The problem: The listing below should be printed exactly, though its pictures must not be.

(Recorded information Opens)

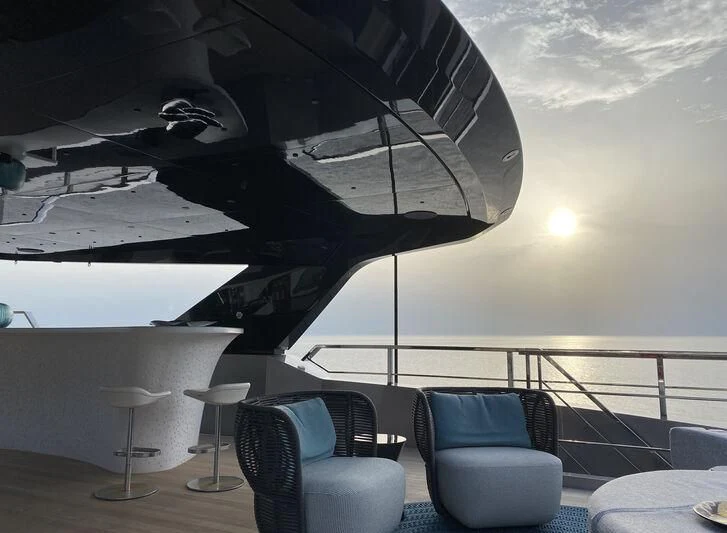 a large airplane flying over a deck aboard PANDION PEARL Yacht for Charter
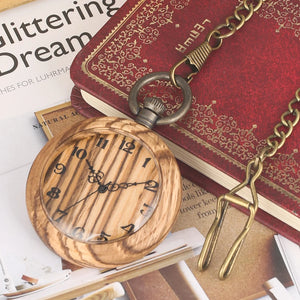 A Wooden Pocket Watch from the collection is displayed on an open magazine and a red embossed journal.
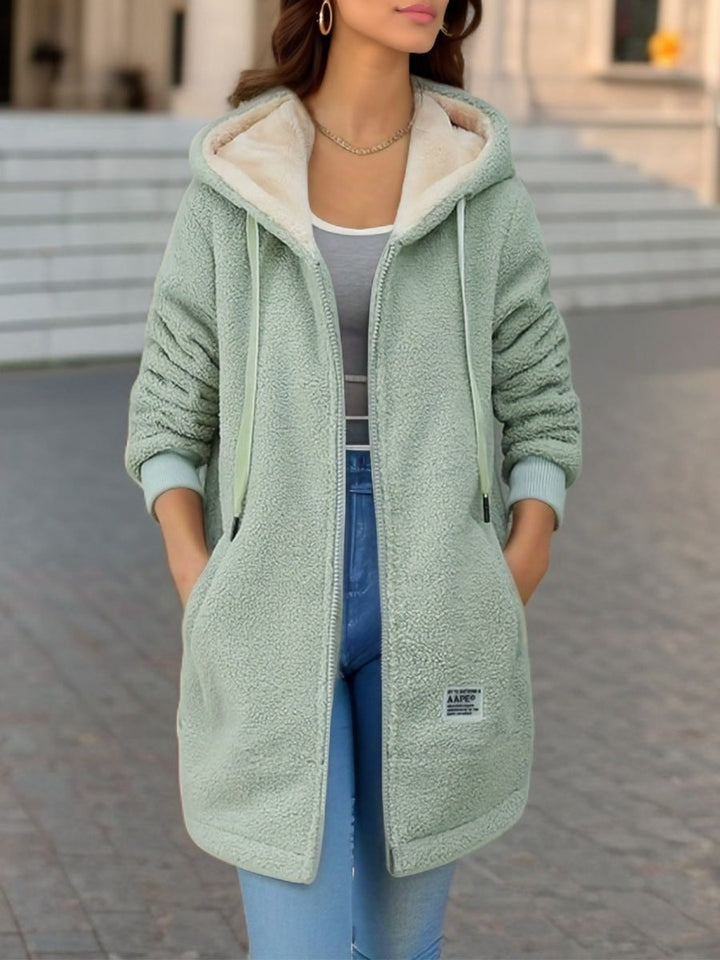 Damen-Fleecejacke mit Kapuze und funktionellem Frontverschluss - Kjersti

(Recorded information Closes)

Written solution:
 a large airplane flying over a deck aboard PANDION PEARL Yacht for Charter
 A Wooden Pocket Watch from the collection is displayed on an open magazine and a red embossed journal.
 Damen-Fleecejacke mit Kapuze und funktionellem Frontverschluss - Kjersti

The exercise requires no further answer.